Insuring Long-term Care Chap 2: History of LTC Products Flashcards
The Beginnings
- Medicare enacted in 1965 - Insurers then start looking for ways to enhance or supplement this coverage
- Nursing home benefits very limited
(1) Only for coverage in skilled nursing facility, if insured needs skilled care and had a prior hospitalization >= 3 days within the last 30 days
(2) Benefits limited to: first 20 days - approved charges; Days 21-100 - charges after a copay - Medicare Supplement Plans - cover additional benefits and copays or deductibles not covered by Medicare
- Generally didn’t focus on nursing home benefits - Supplement plans with nursing home benefits
- Plans often added as riders to Med Suppl plans to cover copays for Days 21-100
- Other plans give benefit extension for Days 101-200
- Eventually other plans expanded benefits (e.g. skilled and intermediate coverage)

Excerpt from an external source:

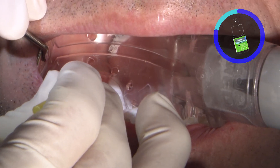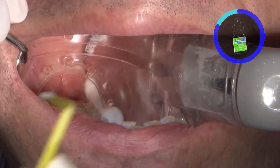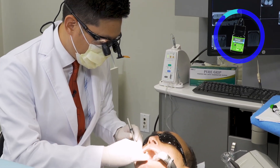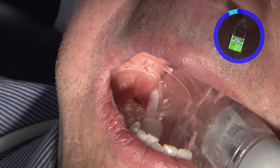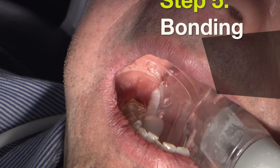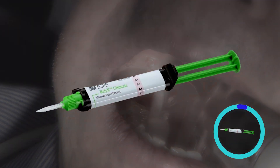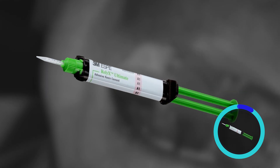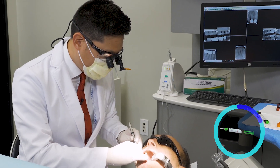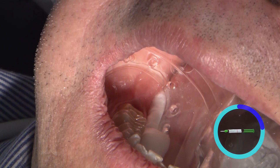After the one to two minutes have elapsed, we actually don't want to rinse it off. If I see a lot of excess desensitizing agent, we'll blot dry it with a cotton pellet or aspirate the excess with suction. To bond this restoration in, we're going to use 3M's Reliax Ultimate, which is their adhesive resin cement. The adhesive resin cement does require an additional application of a bonding agent onto the preparation.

First Nursing Home Products
- Early to mid 1980s - first stand alone products offered
- Provided care in all state licensed Nursing Homes; Skilled, intermediate or Custodial Care (some gave reduced benefits for custodial care in the early years) - Benefit Triggers - same as Medicare - medically necessary and prior hospitalization of >= 3 days within the last 30 days
- Some companies took away the 3 days requirement soon after - Benefit Options (insured could often choose):
- Daily Maximum Benefit - usually $20 - $200, in $10 increments. Sometimes paid as indemnity (if triggered, full amount if paid per day) or actual charge (up to max)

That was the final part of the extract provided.